Presently, only the GDP of the entire world at $25 trillion overshadows the $14-$15 trillion capitalization of the
U. S. stock market. At 160% of our huge $8.8 trillion GDP, the ratio of market capitalization to GDP is over 60% higher than it was in 1929, the previous all-time high. We are light years from the 70-year average of 50% and from the low of 33% seen in 1974 and 1982.

In the last 2½ years, the stock market capitalization has increased over $5 trillion, a gain equal to 60% of
America’s current GDP. Unfortunately, earnings of the underlying companies have not been responsible for this surge. Since the end of 1996 the S&P 500 has rallied 75%, but S&P earnings have grown only about 6%.

Everyone has his favorite story of extremes these days. For instance, the six biggest tech stocks (Microsoft, Intel, IBM, Cisco, Lucent and Dell) are now valued at $1.65 trillion or 20% of GDP. Microsoft alone is valued at $500 billion, making it larger than the entire junk bond market!

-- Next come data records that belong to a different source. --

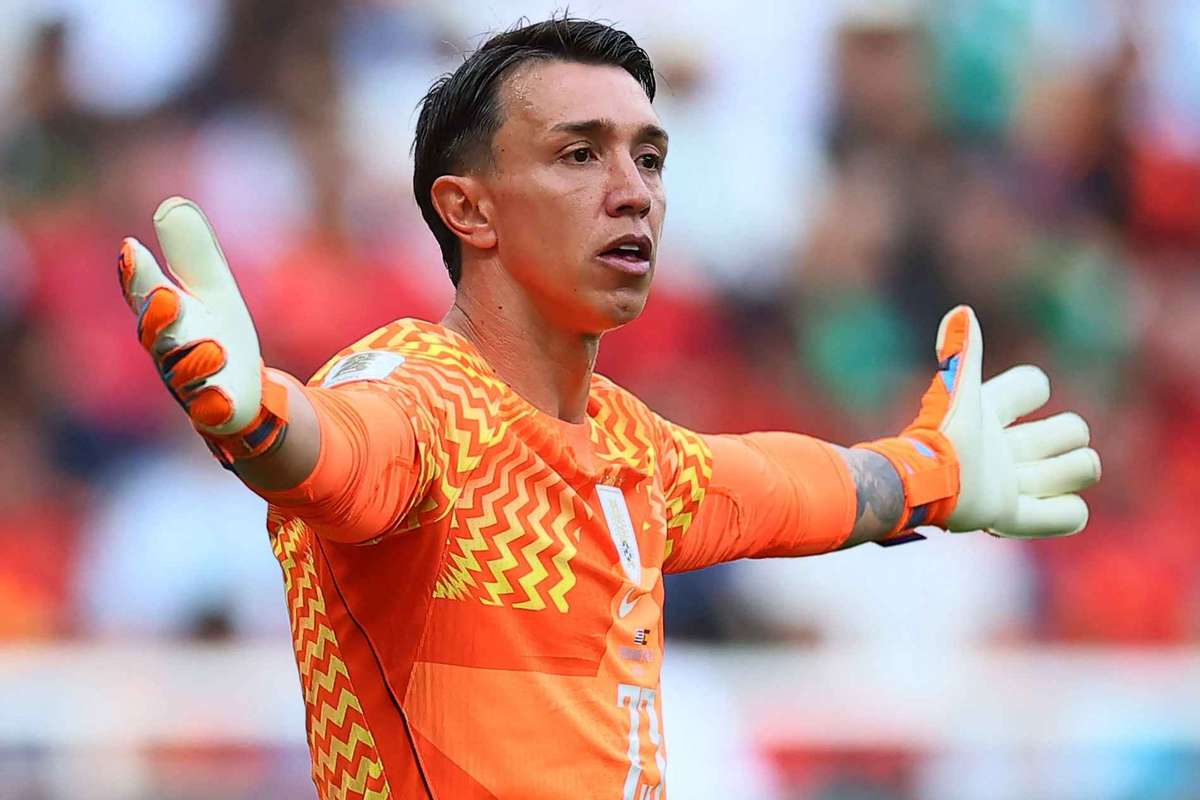 Muslera comete un error grave en el Uruguay-España y sale en el descanso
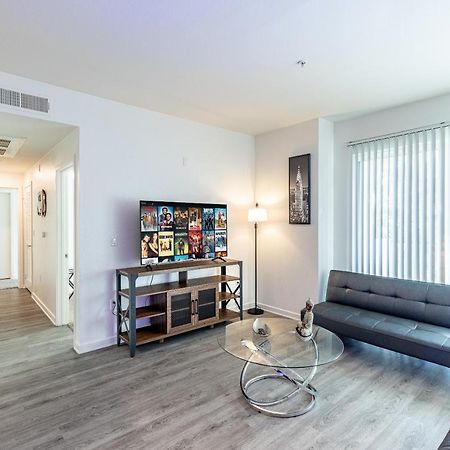 Modern 2Br Apartment On Gordon St Hollywood Apts ロサンゼルス エクステリア 写真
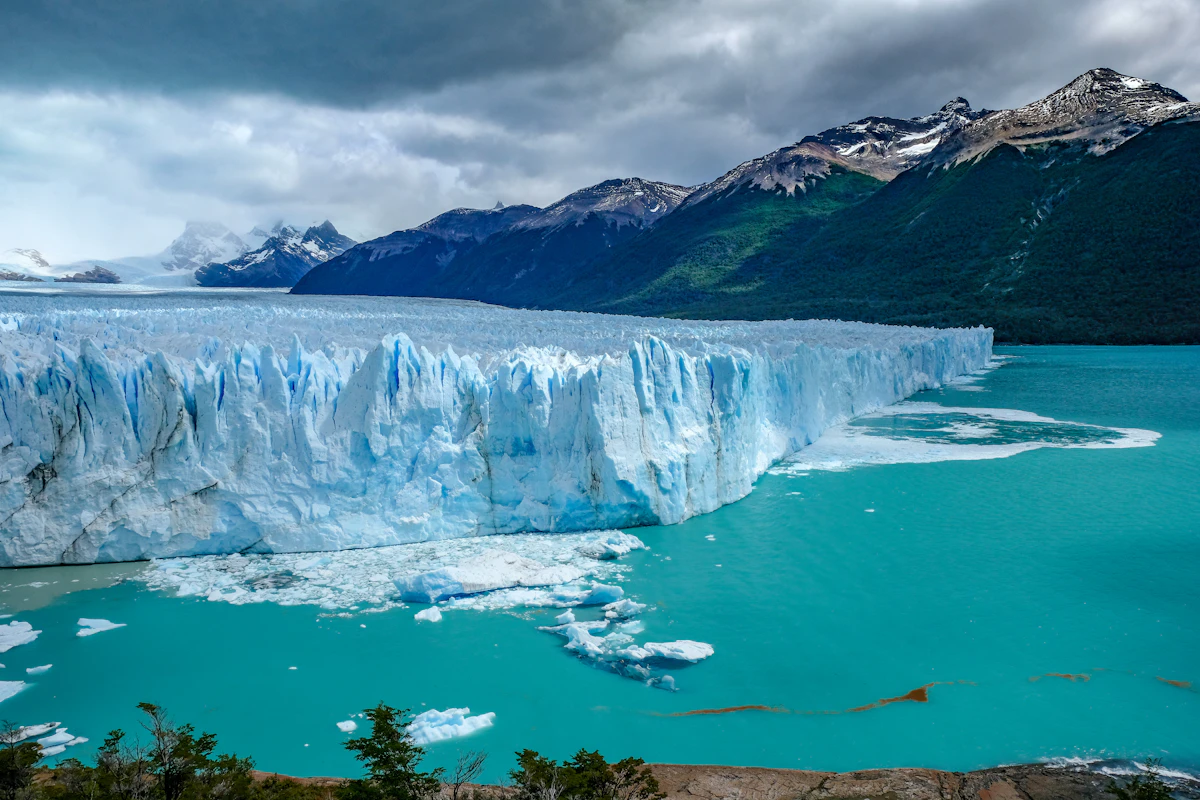 Parede azul do glaciar Perito Moreno sobre o lago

My personal favorite anecdote illuminating today’s hysteria is Internet Capital Group. It is an Internet venture capital fund valued at approximately $12 billion (that has only one public holding worth about $400 million). In a recent interview, a big-time Wall Street analyst justified the current valuation by explaining that recent venture capital returns have been 30-fold and that if all of ICGE investments and the cash received from the IPO were valued at 30 times the stock would be worth about what it was selling for, but that meant you would be getting management for free! Consequently, he liked it. It has rallied over 30% since the interview.

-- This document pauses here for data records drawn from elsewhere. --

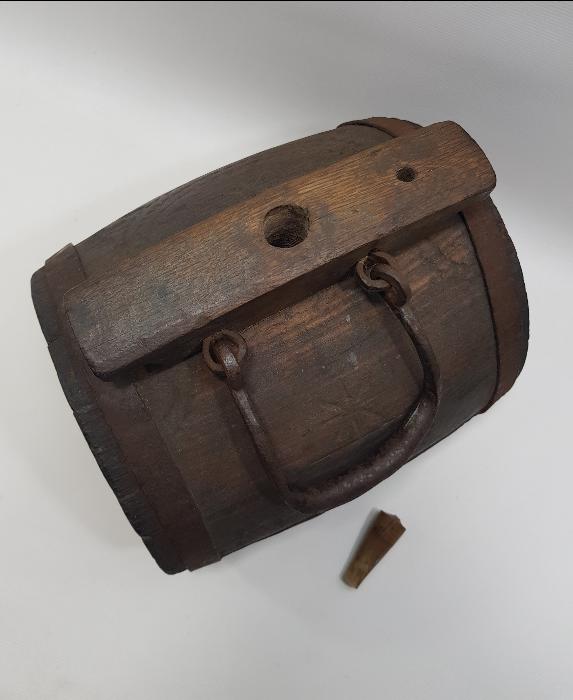 OSMANLI DÖNEMİ GEMİ TOPLARI İÇİN ÜZERİ AY YILDIZLI NADİR BARUT FIÇISI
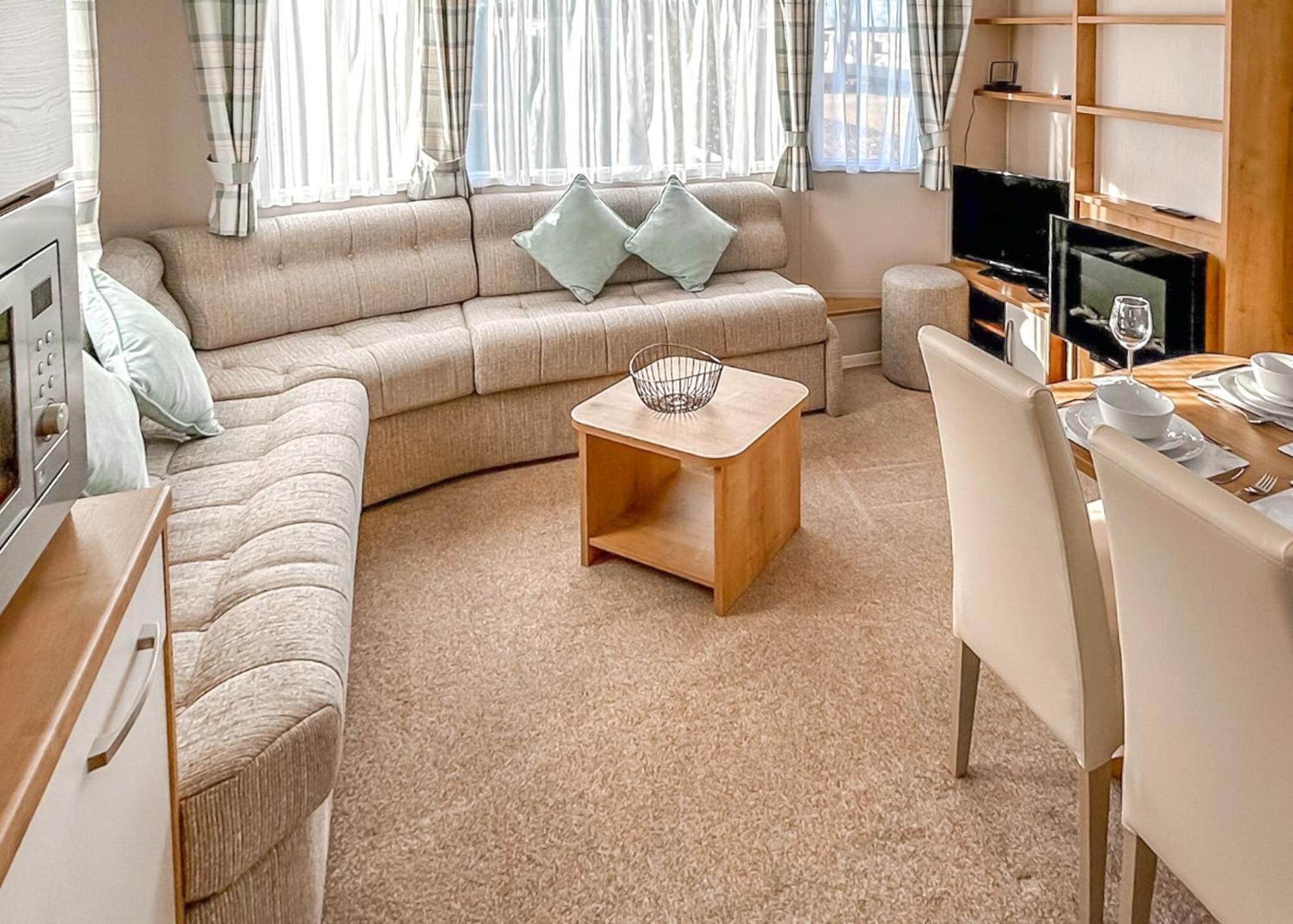 Orchards Holiday Park Newbridge  Room photo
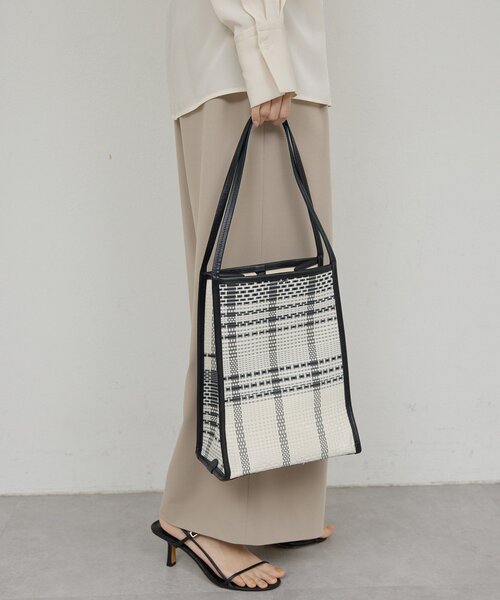 GALLARDAGALANTE（ガリャルダガランテ）の「【2.718】トリミングトート S（トートバッグ・レディース・ブラック/ベージュ・FREE）」の3枚目の写真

However, it is not the specific examples that are the primary concern. The risk is that the environment which has led to these individual excesses has produced a total market capitalization so out of proportion with the underlying businesses that it has altered the economy of the world.

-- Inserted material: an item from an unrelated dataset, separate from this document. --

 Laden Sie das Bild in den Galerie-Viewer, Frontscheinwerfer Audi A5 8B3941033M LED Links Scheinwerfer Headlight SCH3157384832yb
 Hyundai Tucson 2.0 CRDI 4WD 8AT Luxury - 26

Former Fed Chairman Paul Volcker recently summed up the situation quite succinctly when he said, “The fate of the world economy is now totally dependent on the stock market, whose growth is dependent on about 50 stocks, half of which have never reported any earnings.” I urge you to think about that statement. It is the reason why any responsible person should be aware of these facts.

The numbers are so gargantuan and so completely beyond our range of experience that they have lost their ability to produce a visceral impact. For instance, we all know that light travels at 186,000 miles per second, yet how many can grasp how fast that is? We know that computers can add numbers in a fraction of a nanosecond (one billionth of a second, which is how long it takes light to travel one foot), but who can appreciate that? However, if we observe that the relationship between one nanosecond and one second is the same as one second and thirty-three years, we can begin to appreciate how magically fast light moves and computers work. We are able to do this because we have experience dealing with seconds and years.

In that same vein, I believe the best way to put the current mania in its proper perspective is not to compare facts and figures but to examine qualitative descriptions from our mania of the late 1920s. New era believers today roll their eyes at the mere suggestion of this analogy, yet most have no knowledge of what actually took place in those days. (Steve Forbes, for example, says there was no bubble. Fed tightening caused all the problems.) What follows are excerpts from several books which illustrate how nearly identical the behavior of today’s stock market participants is to that of 70 years ago. I will be editorializing some of these passages to make the obvious even more so.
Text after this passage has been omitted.